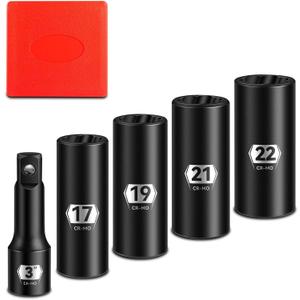 BLACKROBOT 5-Piece 1/2" Drive Lug Nut Removal Tool, 6 Point & Twist Lug Nut Extractor, Impact Flip Socket Set (17mm, 19mm, 21mm, 22mm) with 3" Extension Bar, CR-MO Steel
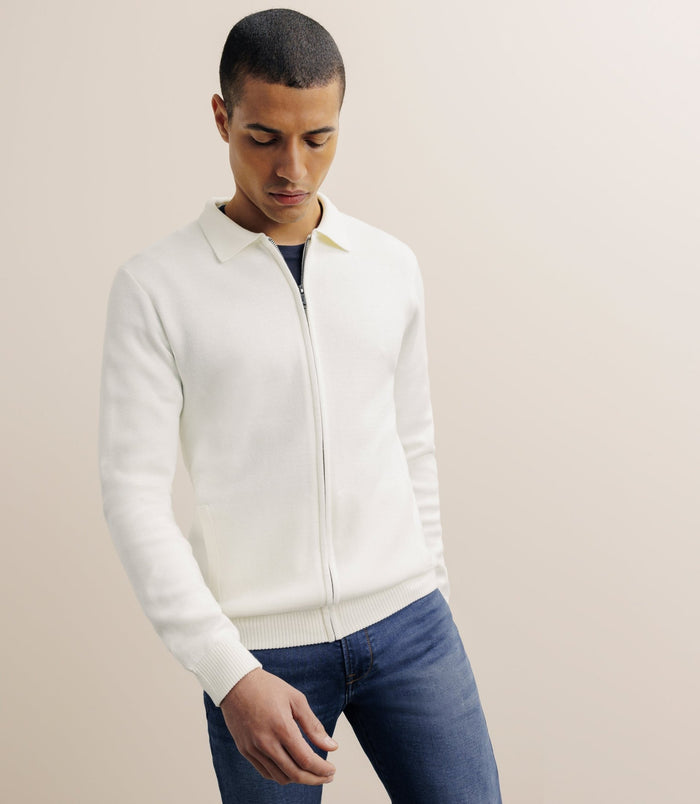 Izac Gilet Zippé Col Chemise écru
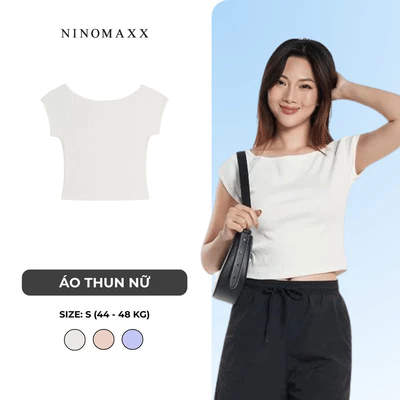 Áo Thun Nữ Tay Ngắn Cổ Thuyền Màu Pastel Chất Cotton Co Giãn Thời Trang NINOMAXX 2506011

────────

Pictures must be left out. Return verbatim only the lines from the line with "Izac Gilet Zippé Col Chemise écru" through the final line of the material above, including both ends.

 Izac Gilet Zippé Col Chemise écru
 Áo Thun Nữ Tay Ngắn Cổ Thuyền Màu Pastel Chất Cotton Co Giãn Thời Trang NINOMAXX 2506011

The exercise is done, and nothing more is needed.